Click [slideshow] to begin presentation.



Research Computing Infrastructure

Simon Hood

Project Manager & Technical Lead Computational Shared Facility
Infra Ops, IT Services



Research Computing

What do I mean by research computing?

  • HPC! (parallel)
    • Also: HTC, HPV, high-mem, huge IO...



Background: Uni Research Computing Strategy

Some context. . .


Recent Past Uni. HPC

Meagre HPC facilities:
  • At "merger" (2004): Cosmos, Eric and Bezier (totalling ~80 cores).
  • CSAR machines — national, not local, service.
  • Horace (2006 – 2010) — leased by RCS (~200 cores).
Research Computing Strategy
  • ???



Summer 2008, Development One

Ad hoc contribution machine:

  • Started by RCS with 14k left in a budget (spend it or lose it)
    • Three servers, a switch and a rack
  • No official backing
  • Two and a half years:
    • hand-to-mouth existence
    • 300k(?)
    • ~800 cores (MACE, Economics, SEAS, EEE, MBS, Chemistry)


Manchester Informatics

Summer 2008, Development Two

  • Home Page:
  • A computational research community
  • Chris Taylor (Associate Vice President for Research, UoM)
    • Mike Sutcliffe (HoD CEAS)
    • Carmel Dickenson (Programme Manager)

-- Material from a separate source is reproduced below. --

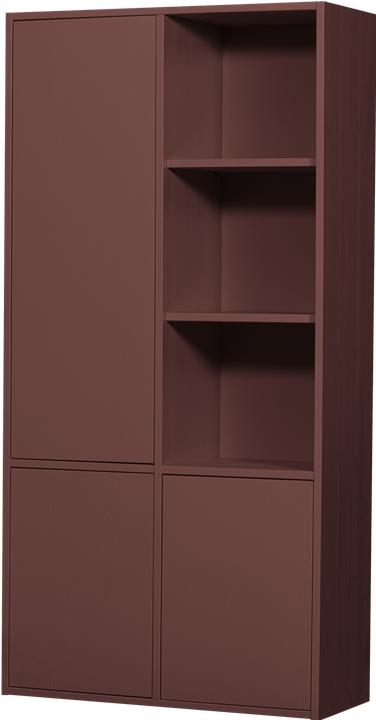 Produktbild Woood Ablageschrank (100 x 40 x 40 cm)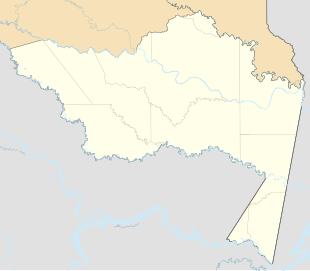 Puerto María Manteca is located in Amazonas Department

  • Occasional whitepaper-related meetings since June 2008

Whitepaper published in latter part of 2009. . .


Mi W/paper 1/2: Comp. Res. Themes

Mi: A Computational Research Umbrella

  • Mi provides research computing strategy and governance
  • Themes:
    • Nuclear power, earth systems, aerospace
    • Finance and economics, health and lifescience


Mi W/paper 2/2: Comp Shared-Fac

Funding Model — IT Services-Run Comp. Shared-Fac.
  • One-off capital secured from centre: 90k
    • Cluster infra. (head nodes, storage, network h/w. . .)
  • All compute nodes must be paid for by research groups
    • With "tax" to contribute to future infrastructure
  • No contribution, no use!
From Many to One
  • Academics encouraged to buy in to central facility
    • strongly discouraged from buying own (small) clusters

Campus (Research Computing) Cloud Project

This is Phase One of the Campus Cloud project. . .


The Present

The Present — Summary

What do we have?

  • Adoption of the Redqueen model.
  • 90k sounds small. . .
  • . . .but, for the first time(?), both
    • University political backing from the top
    • and University central IT support (esp. for dedicated network).
  • Much more than a replacement for Horace.
  • I'm optimistic!


New System 1/2

  • Reynolds House
  • 68TB parallel, high-perf scratch (Lustre)
  • 240 cores at 4GB/core; 48 cores at 8GB/core
  • 96 cores awaiting installation
Software and Users:
  • Apps installed
  • Testing by users underway
  • Awaiting registration system. . .

. . .continued. . .


New System 2/2

Much more on its way. . .
  • 512 cores on order:
    • 125k from Colin Bailey/Peter Stansby for Modelling and Simulation Centre
  • More coming:
    • MHS: 48 cores; FLS: 48 cores; Maths: 96(?) cores
    • Dell(!): 96 cores with two Nvidia M2070 cards
  • All customers want Linux;
  • possible virtual support of legacy OS.


Tight Integration

Phase 1.5: Tightly-Integrate Clusters on Campus

Dedicated 10Gb Networks
  • Merge private cluster networks
  • Share filesystems — easy to implement (with reqd h/w), huge productivity increase for users
  • One "collective" instance of workload manager, Grid Engine ("SGE")
What? Redqueen and New System (and RQ2)
  • First, new system and RQ2 (both in Reynolds House)
  • Secondly, Redqueen (Kilburn)
    • dedicated 10Gb link between Reynolds and Kilburn
  • Total ~2000 cores


Phase Two: Cloud

The Cloud. . .


"Centralised, shared facility fits well with cloud computing model."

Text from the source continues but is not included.